As often happens on this list, the discussion about OPACS reveals a
deeper problem. The talk of cultural retail outlets set me awondering
about whether we're seeing reality as clearly as we ought.
It's about time public libraries, as presently constituted, stopped
pretending that they exist to satisfy their customers. It can only lead
to disappointment for all concerned.
Public libraries are in the control and rationing business. It's no use
wishing, or behaving as if, it were otherwise. It's the core of their
mission. Eking out limited resources to optimise their social benefit
is what libraries do. They can do it with a smile or they can be
sour-faced about it. But giving the generality of customers what they
want when they want it has never been a goal with any realistic chance
of being attained.
Internet terminals are a case in point. Whether or not the library has
dumb OPAC terminals wouldn't be an issue if there were enough
all-purpose terminals to go round. For all sorts of reasons public
libraries just aren't flexible enough to respond in that way to what
customers want. As arms of local government, they do not control most
of their key assets and satisfying the priorities of library customers,
actual and potential, comes a long way down the pecking order after
satisfying the priorities of the local council's policy makers.

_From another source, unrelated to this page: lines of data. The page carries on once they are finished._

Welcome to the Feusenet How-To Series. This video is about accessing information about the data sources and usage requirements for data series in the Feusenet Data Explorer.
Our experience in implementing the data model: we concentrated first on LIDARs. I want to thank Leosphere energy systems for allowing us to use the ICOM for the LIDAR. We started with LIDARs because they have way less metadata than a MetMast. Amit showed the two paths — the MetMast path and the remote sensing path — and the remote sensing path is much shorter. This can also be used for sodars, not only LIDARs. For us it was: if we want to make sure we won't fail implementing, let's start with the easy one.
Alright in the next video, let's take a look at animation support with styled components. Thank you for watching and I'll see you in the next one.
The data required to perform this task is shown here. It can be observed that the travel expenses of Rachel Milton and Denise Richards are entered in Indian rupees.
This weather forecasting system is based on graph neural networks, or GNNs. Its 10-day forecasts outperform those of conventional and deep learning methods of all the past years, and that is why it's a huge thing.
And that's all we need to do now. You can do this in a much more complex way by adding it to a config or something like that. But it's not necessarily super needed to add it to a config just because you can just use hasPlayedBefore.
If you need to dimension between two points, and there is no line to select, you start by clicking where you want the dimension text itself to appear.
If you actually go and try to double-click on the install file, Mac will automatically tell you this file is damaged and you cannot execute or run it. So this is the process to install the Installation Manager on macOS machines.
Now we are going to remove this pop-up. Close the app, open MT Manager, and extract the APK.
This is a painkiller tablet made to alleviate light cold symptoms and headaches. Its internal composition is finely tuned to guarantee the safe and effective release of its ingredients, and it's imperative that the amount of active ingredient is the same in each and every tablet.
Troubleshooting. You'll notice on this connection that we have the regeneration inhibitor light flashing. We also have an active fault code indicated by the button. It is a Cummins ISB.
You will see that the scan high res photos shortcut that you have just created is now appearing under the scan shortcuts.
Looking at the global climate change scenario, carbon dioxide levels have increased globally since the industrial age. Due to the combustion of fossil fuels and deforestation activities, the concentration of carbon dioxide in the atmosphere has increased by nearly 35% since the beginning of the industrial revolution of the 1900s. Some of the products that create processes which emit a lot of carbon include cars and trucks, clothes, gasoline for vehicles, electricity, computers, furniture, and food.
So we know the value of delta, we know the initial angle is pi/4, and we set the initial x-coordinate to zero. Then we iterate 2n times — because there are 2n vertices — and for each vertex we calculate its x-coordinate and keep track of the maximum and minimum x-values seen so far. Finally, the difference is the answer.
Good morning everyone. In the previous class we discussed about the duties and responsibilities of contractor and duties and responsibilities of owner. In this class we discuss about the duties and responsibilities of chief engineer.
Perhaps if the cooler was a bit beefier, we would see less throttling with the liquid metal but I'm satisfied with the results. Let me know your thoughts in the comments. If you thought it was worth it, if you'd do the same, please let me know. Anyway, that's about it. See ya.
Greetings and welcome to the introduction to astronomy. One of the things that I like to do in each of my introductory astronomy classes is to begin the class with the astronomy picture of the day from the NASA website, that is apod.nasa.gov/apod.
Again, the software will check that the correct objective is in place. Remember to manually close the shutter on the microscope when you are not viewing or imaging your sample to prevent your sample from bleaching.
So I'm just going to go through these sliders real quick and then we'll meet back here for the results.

Libraries operate in a command economy, as the People's Network neatly
demonstrates. Internet terminals were installed in libraries en masse
because the government wished it so, not because libraries themselves
were responding to customer demand.
In the present scheme of things a public library is unable to behave
like a customer-led business. If it is desirable that it should, there
is one big obstacle to be overcome first. And that is local government.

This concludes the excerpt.